• What the task requires:
Retype only what runs from the beginning of the data through the line with "VS-1300U雙人單面凈化工作臺(垂直送風高工作區)"; please omit the pictures and keep every line exact.
= = = =
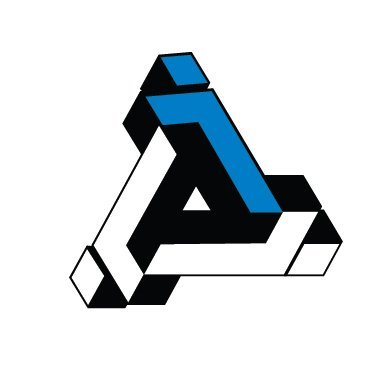 PragmaMedios's profile picture. Empresa de Barcelona, que desarrolla contenido audiovisual, para simulaciones de Realidad Virtual, Animación 3D, Realidad Aumentada y Aplicaicones interactivas.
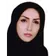 دکتر فرانک ولی نژاد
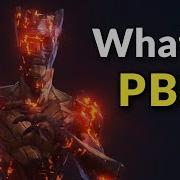 Photorealistic Materials In Unity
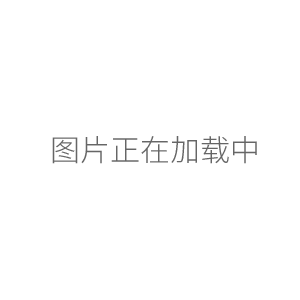 VS-1300U雙人單面凈化工作臺(垂直送風高工作區)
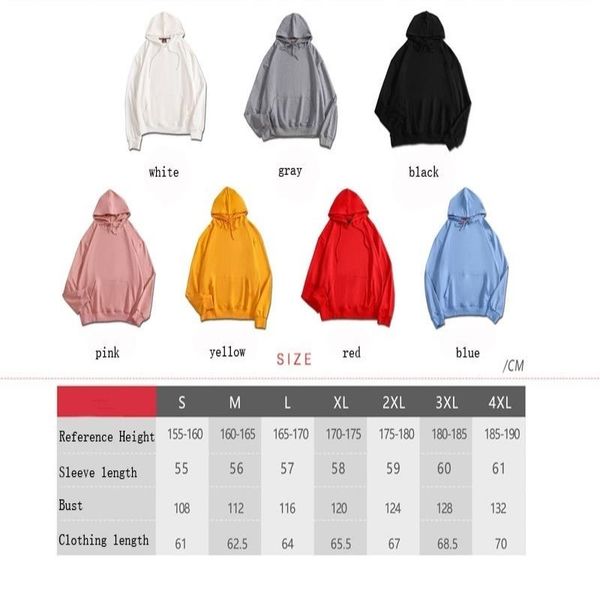 2020 boyfriend letter draco new cotton warm long is print my malfoy sleeves hoodies oomxt, Black
2020 boyfriend letter draco new cotton warm long is print my malfoy sleeves hoodies oomxt, Black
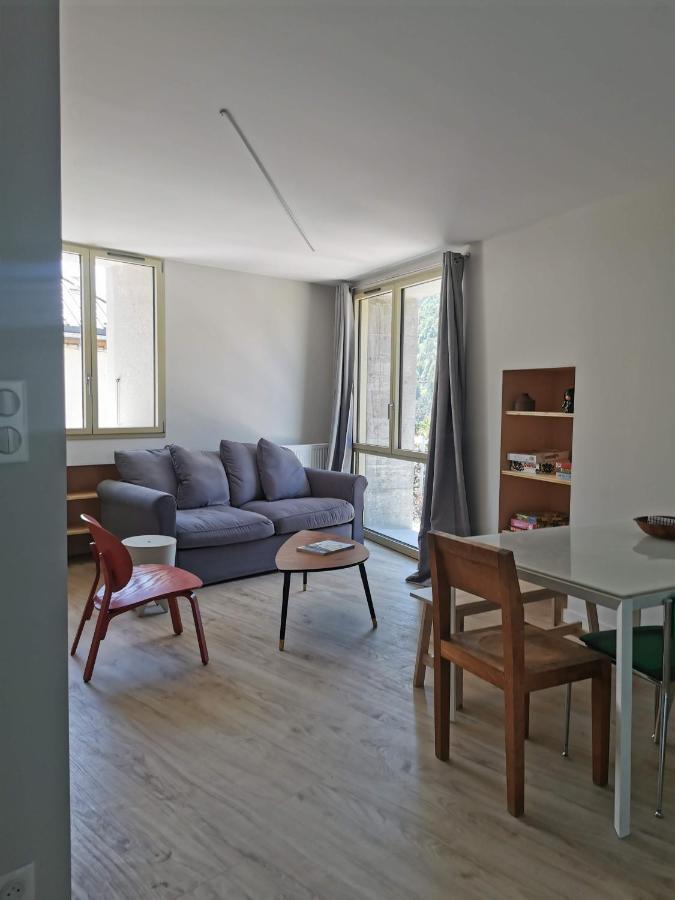 Villard De Lans, Coeur De Village.Bel Appartement Esterno foto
= = = =
• Answer to this exercise:
 PragmaMedios's profile picture. Empresa de Barcelona, que desarrolla contenido audiovisual, para simulaciones de Realidad Virtual, Animación 3D, Realidad Aumentada y Aplicaicones interactivas.
 دکتر فرانک ولی نژاد
 Photorealistic Materials In Unity
 VS-1300U雙人單面凈化工作臺(垂直送風高工作區)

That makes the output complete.